14歳の少女が学校に行った初日だった。先生を除けば、誰も少女に話しかけなかった。昼食の時間だった。少女は一人で弁当を食べて、教室の真ん中を歩いていった。ストーブのそばにあるバケツの水を飲むためだった。柄杓で水をすくって飲んだ後、7歳に満たない子供が教室に入ってくると言った。「私も柄杓で、水を汲んでくれる?」。水を汲んであげると、子供は慎重に受け取って飲み、こう言った。「ありがとう」。その一言で、少女は声を詰まらせた。自分に話しかけるのは、その子が初めてだった。少女は涙をこらえようと、懸命に目をしばたたいた。
少女は中国人の母親と白人の父親の間に生まれた混血児だった。3年前にこの世を去った彼女の母親も、韓国人の父親と中国人の母親の間に生まれた混血児だった。その他の人々はみな白人だった。彼らは自分たちの反対にもかかわらず、有色の少女が学校に来ると、子どもたちを学校に行かせないことで応酬した。学校は白人のためのものでなければならなかった。「あの子、同じ言葉だね」。英語という言葉も自分たちだけのものじゃないといけなかった。白人たちは、インディアンから強奪した土地に住みながらも、いつもそのように主人に成り済ました。大人もそうだし、子供もそうだった。
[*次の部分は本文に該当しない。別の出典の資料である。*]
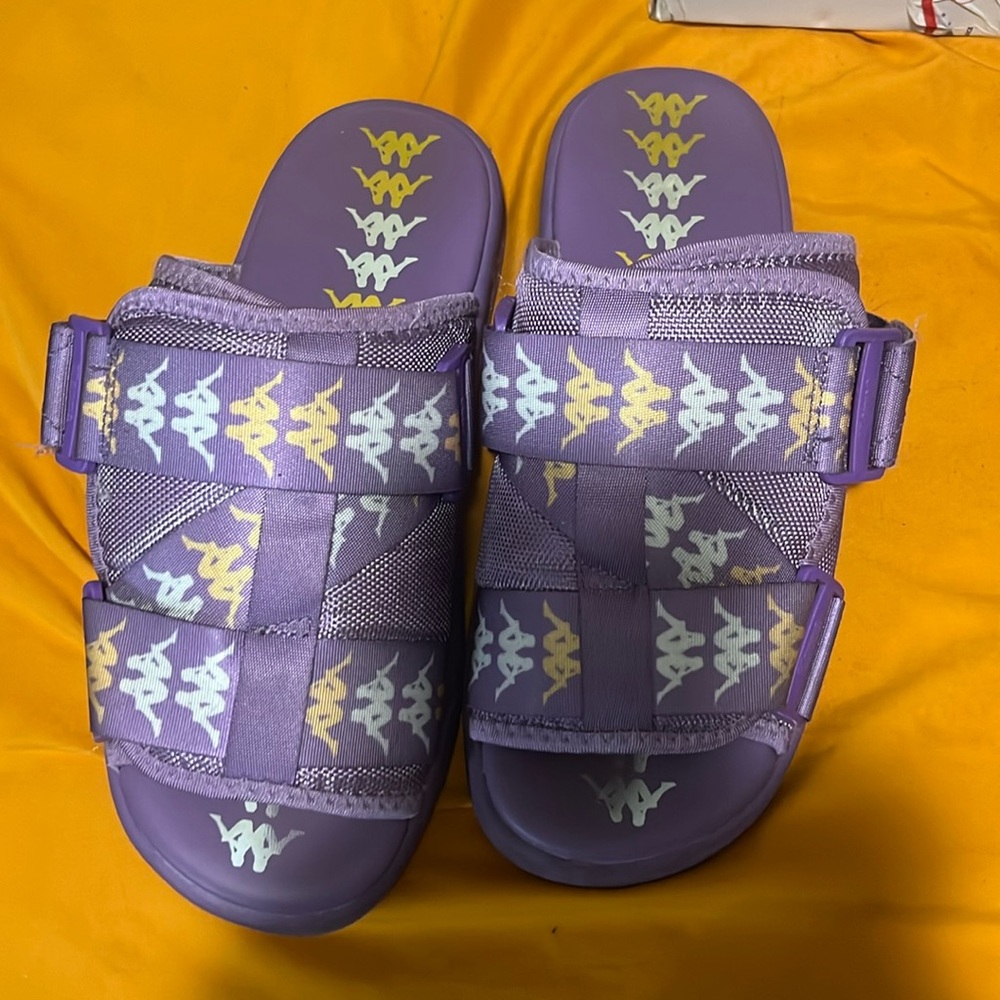 Unisex Kappa slides need them gone NOW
在米韓国人作家リンダ・スー・パークの「草原の蓮華」に出てくる話だ。小説は、米国のある小都市で少女が経験する人種差別の苦痛を痛烈に描いている。作家は、その小説の人種差別的な出来事をほとんど同じように経験した。韓国人移民者がいなかった19世紀末が小説の背景だが、作家が経験した人種差別の経験が、あちこちに投影されている理由だ。19世紀を超えて20世紀半ばになって、また21世紀になっても、米国は依然として人種差別の国だった。それで、作家は自分の傷を振り返りながら、そこにフィクションを加えた。誰かには慰めになり、誰かには「考えの滋養分」になることを願いながら、傷を小説の質料にしたのだ。傷跡の畑に創作の花が咲いたのだ。